Spanish uses preposition + infinitive because infinitives can behave like compact clauses. The price of that compression is that the subject is often implicit.

Antes de salir, revisé el correo.

Before leaving, I checked email.

The natural reading is that the same person left and checked email. If the subject differs, Spanish often needs a fuller clause:

Antes de que saliera Ana, revisé el correo.

Before Ana left, I checked email.

This subject-recovery issue is central to every preposition + infinitive pattern:

Compressed phraseExpanded meaning
antes de salirbefore leaving
después de comerafter eating
al llegarupon/when arriving
para entender el textoin order to understand the text
por no saber la reglabecause of not knowing the rule
sin avisarwithout notifying
con estudiar másby studying more / if one studies more

Al + infinitive deserves special attention because it often translates as a time clause:

Al llegar al hotel, llamé a mi familia.

When I arrived at the hotel, I called my family.

Por + infinitive can mark cause:

Perdió puntos por no citar las fuentes.

He/she lost points for not citing the sources.

It can also appear in pending-action expressions:

Quedan varios temas por resolver.

Several issues remain to be resolved.

Para + infinitive usually points to purpose:

Lee el párrafo otra vez para entender el argumento.

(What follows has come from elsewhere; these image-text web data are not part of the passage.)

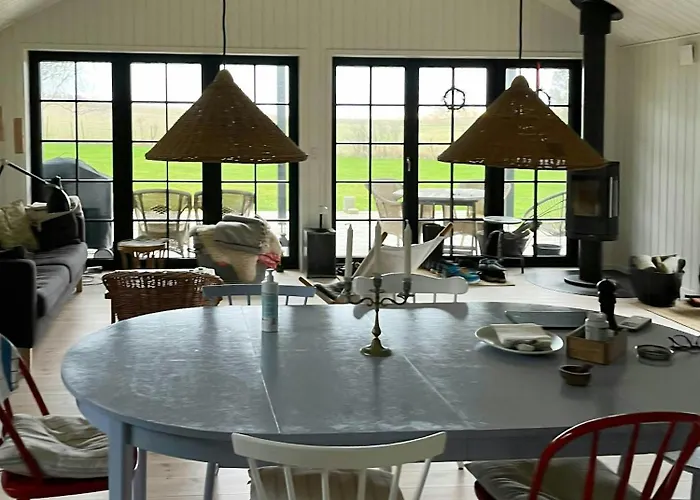 Modern 5 Minutes From The Sea *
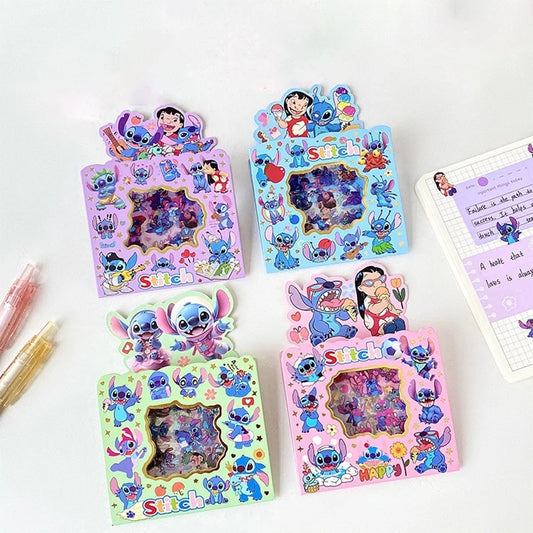 un set de stickers inspirés de Lilo et Stitch, pleins de charme et de complicité. Idéal pour le scrapbooking et pour personnaliser tous les carnets, cahiers etc...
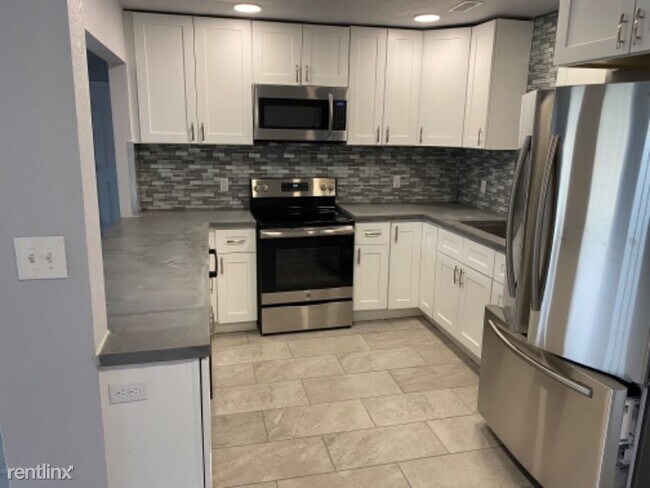 Building Photo - 5 br, 3 bath House - 5609 E Minnesota Dr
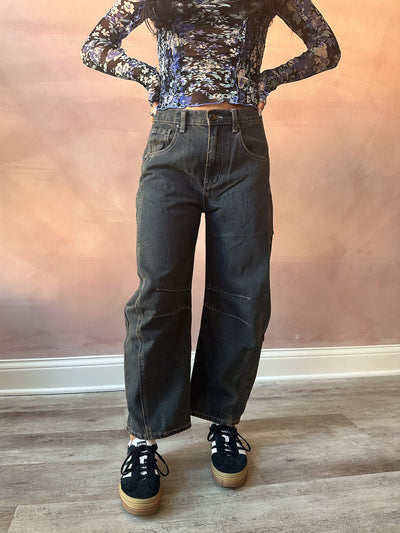 Hideaway Barrel Jeans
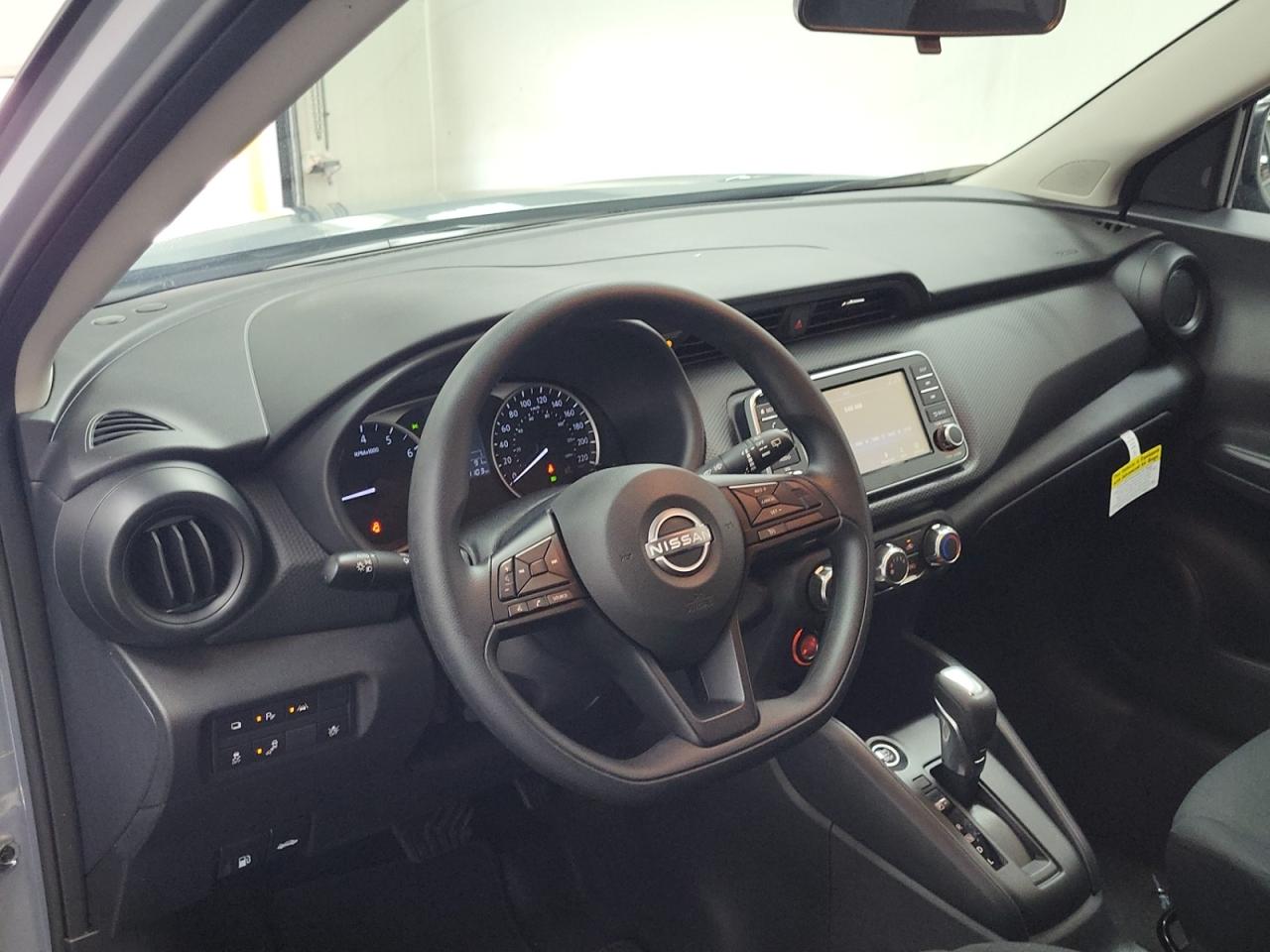 2024 Nissan Kicks SV - Photo #7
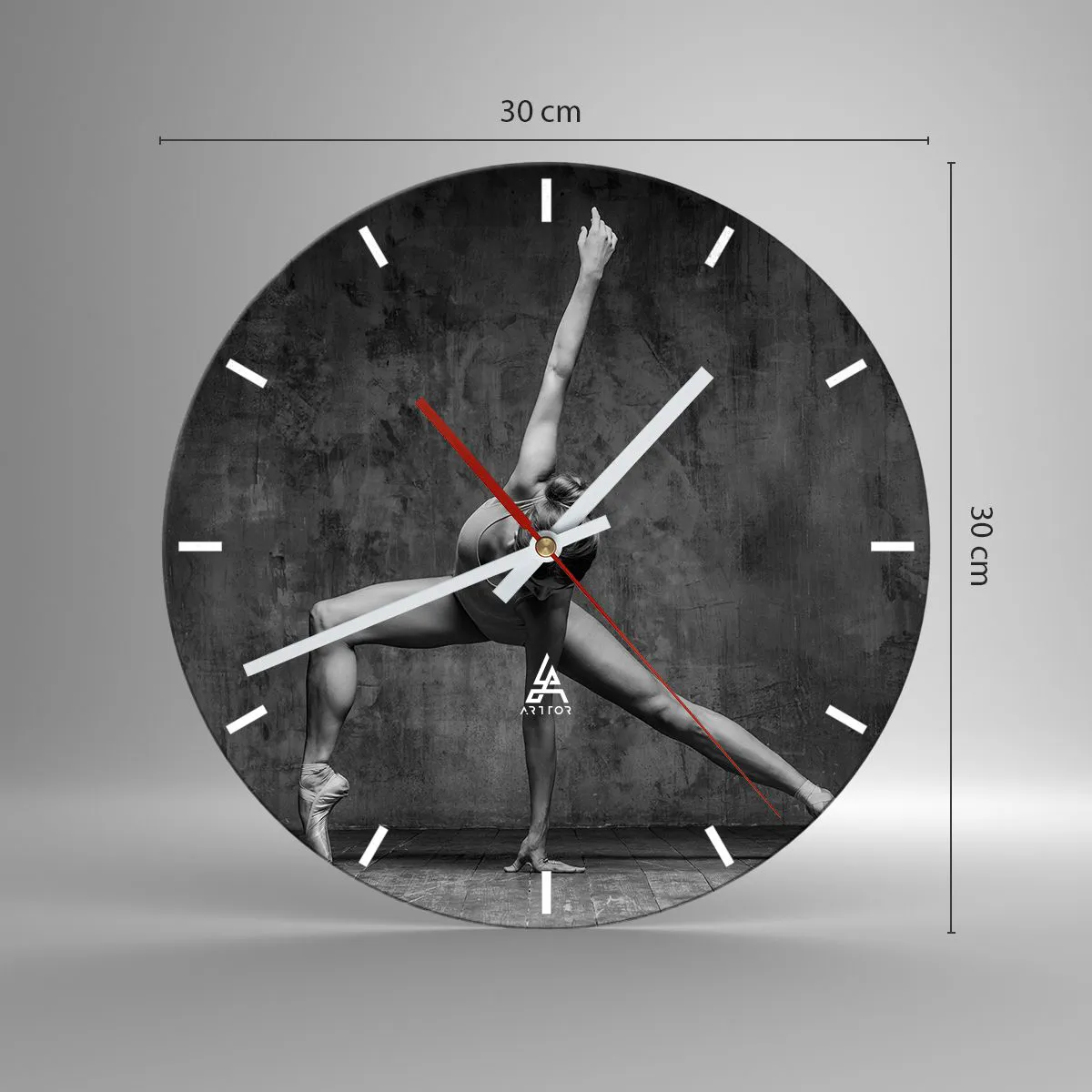 Relógio de parede - Relógio em vidro - Uma bailarina em uma pose dinâmica tendo como pano de fundo uma parede industrial rústica. - 30x30cm - O equilíbrio ideal - Decoração de parede moderna para a sala de estar, cozinha e quarto ARTTOR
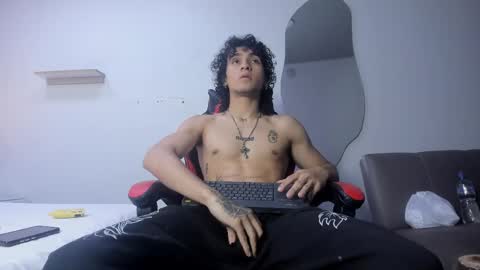 Jackes Taylor online show from 04-21-26, 06:52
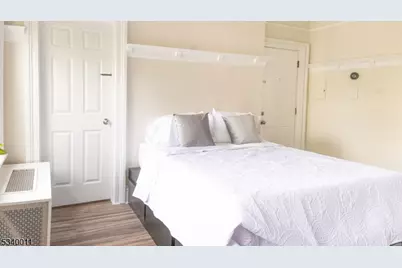 333 Forrest St, Jersey City, NJ 07304 - Photo 17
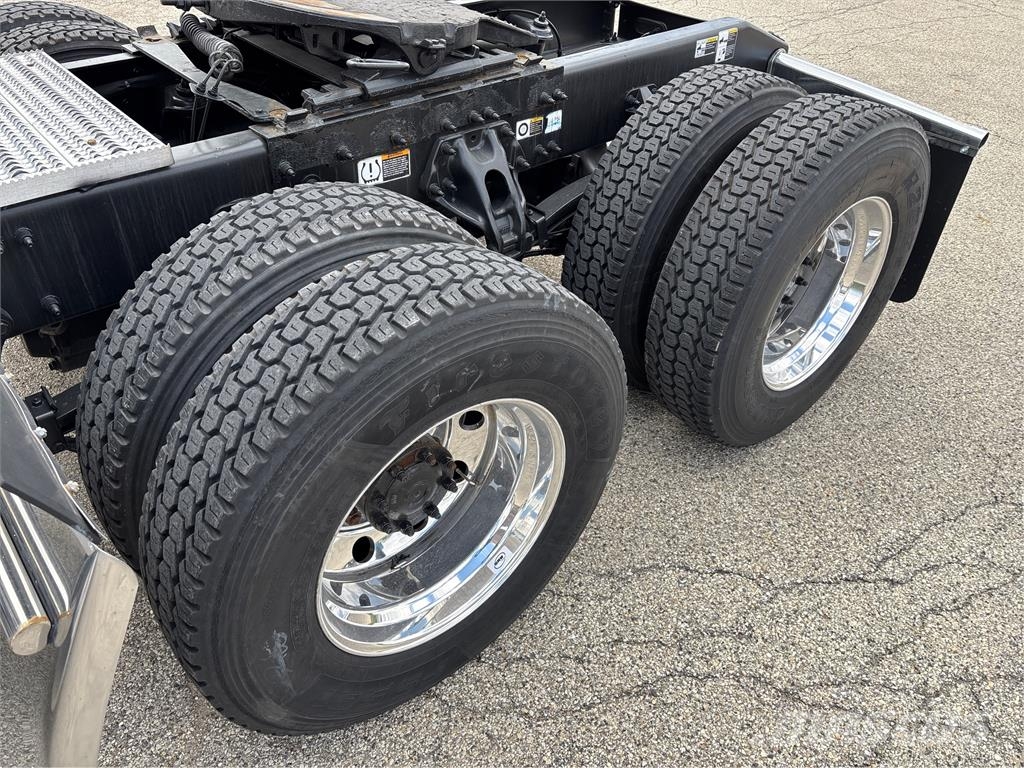 Peterbilt 389 트랙터 유닛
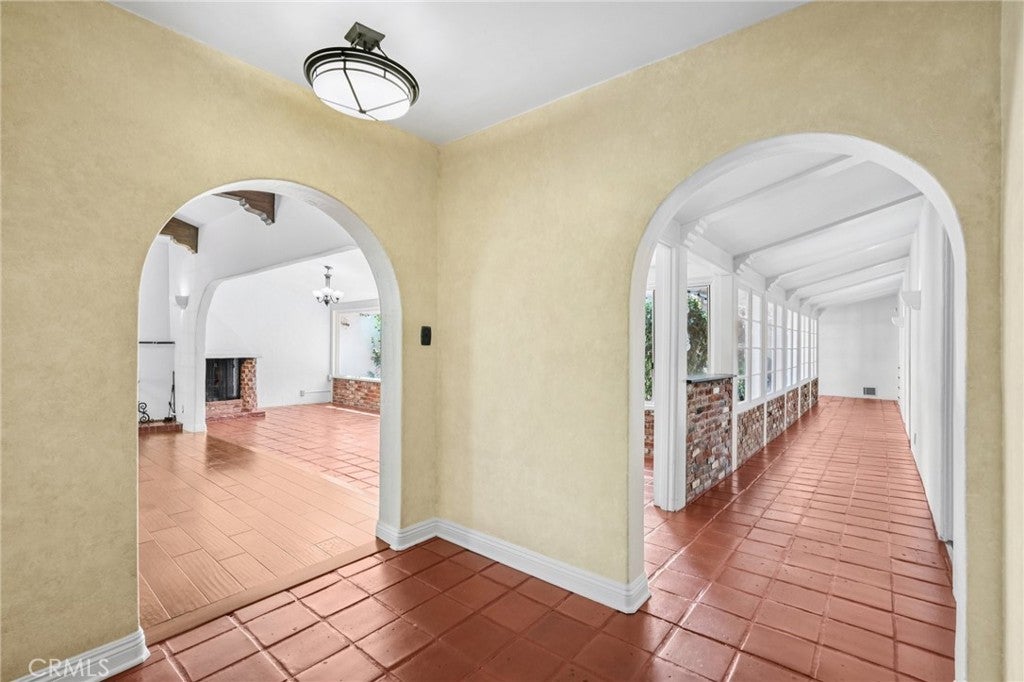 North Hollywood, California, 91602, United States, 3 Bedrooms Bedrooms, ,2 BathroomsBathrooms,Residential,Active,1914796
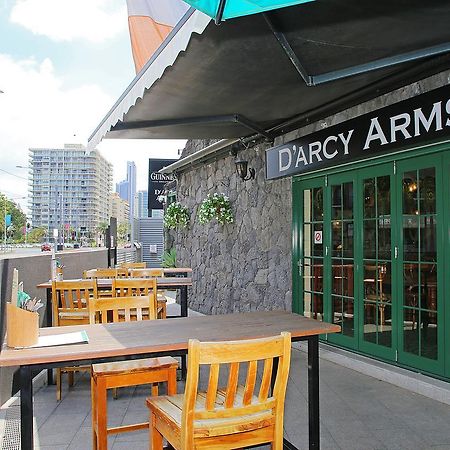 Darcy Arms Hotel Motel Gold Coast Kültér fotó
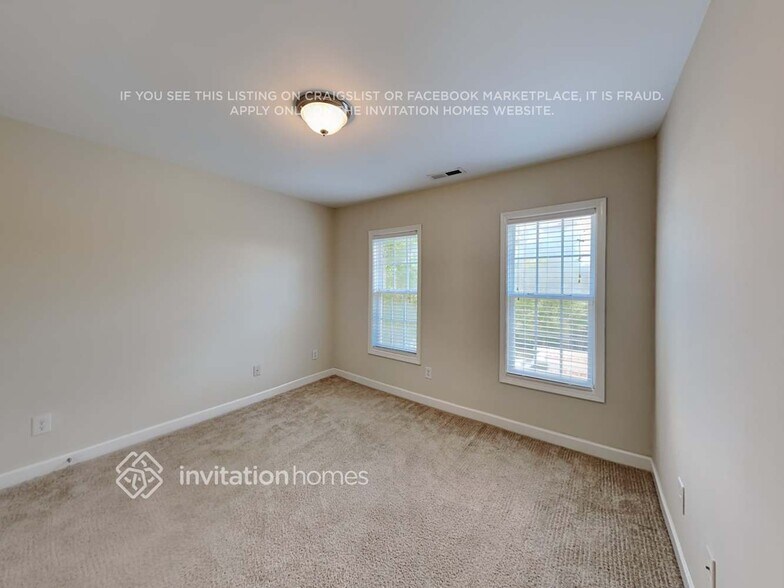 Building Photo - 232 Butterbiggins Ln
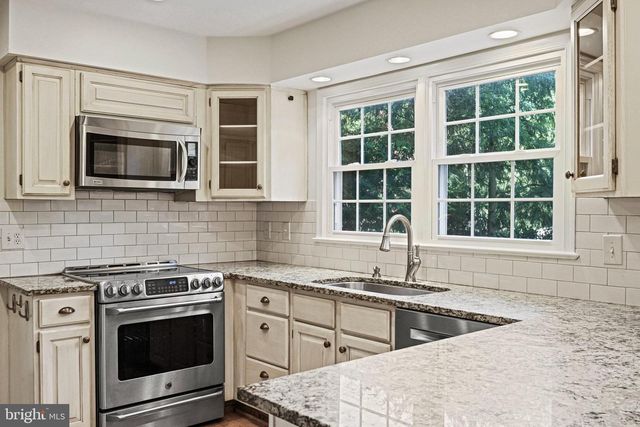 11919 LATIGO LN, Oakton, VA 22124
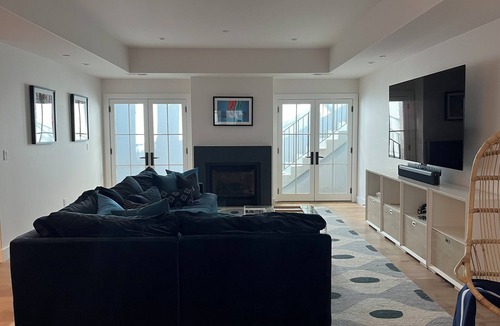 Downtown Apartment | Beautiful Basement Apartment In Downtown Menlo Park, 5 Minutes from Stanford!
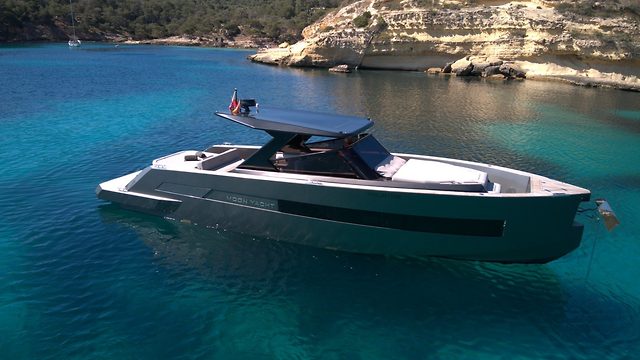 NEW 2025 MOON 45 SPORTS LINE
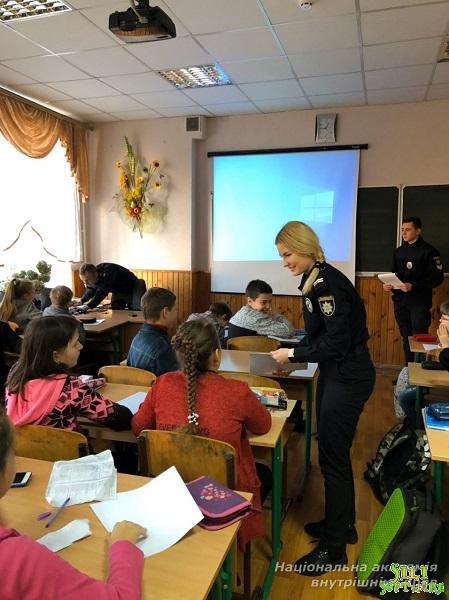 Учасники юридичної клініки «Захист» провели тренінг з антибулінгу для учнів середніх класів Учасники юридичної клініки «Захист» провели тренінг з антибулінгу для учнів середніх класів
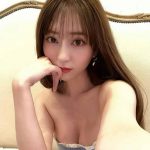 堀尾実咲、自撮りショットで美乳チラリ「色っぽくて可愛い」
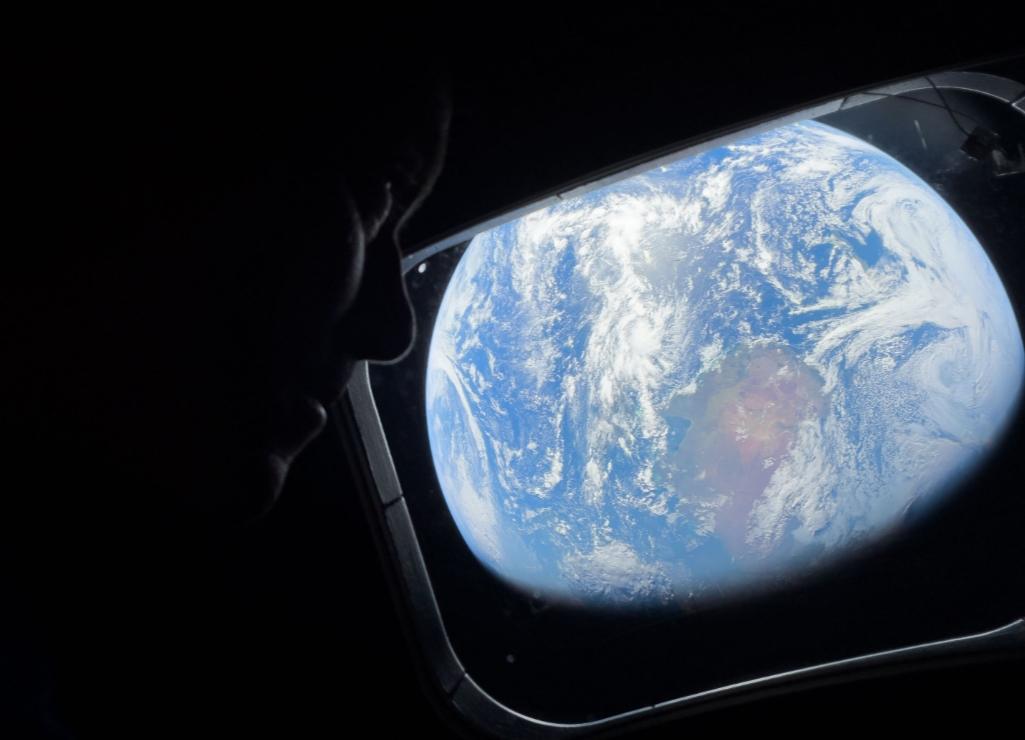 精選 2 你看過獵戶座太空船上的 iPhone嗎?阿爾忒彌斯二號任務的太空人,發回首批用來 iPhone 17 Pro Max 照片。(圖/取自NASA官方X)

Read the paragraph again in order to understand the argument.

The repair method is simple:

  1. Identify the preposition.
  2. Expand the infinitive into a clause in your own words.
  3. Ask whose action the infinitive names.
  4. If the subject is unclear or different, consider que + finite verb instead of an infinitive.
  5. Recompress only when the relation remains clear.

This is why preposition + infinitive structures are powerful in formal Spanish: they pack timing, cause, purpose, absence, and condition into short phrases. They are elegant only when the reader can recover the missing subject.

Suggested interactive module: clause expander

A useful tool for this article would expand compressed infinitive phrases into full clauses.

Suggested functions:

  1. Preposition labeler: time before/after, event trigger, purpose, cause, absence, means, target.
  2. Infinitive detector: flags gerunds after Spanish prepositions.
  3. Subject recovery: asks who performs the infinitive action.
  4. Clause expansion: converts al llegar into cuando llegó/llegue, depending on context.
  5. Ambiguity warning: suggests full clauses when subjects differ.

Example input:

Sin leer el contrato, firmó.

Possible output:

  • sin leer = without reading.
  • Likely subject of leer = same as firmó.
  • Expanded: “He/she signed without reading the contract.”

Final rule

Spanish prepositions take infinitives where English often uses gerunds or full clauses: antes de salir, después de comer, al llegar, para entender, por no saber, sin avisar.

The infinitive compresses a clause. To read it well, identify the preposition’s meaning and recover the subject of the infinitive. To write it well, avoid English gerund interference and learn the fixed prepositional patterns: antes de, después de, al, para, por, sin, con, and a.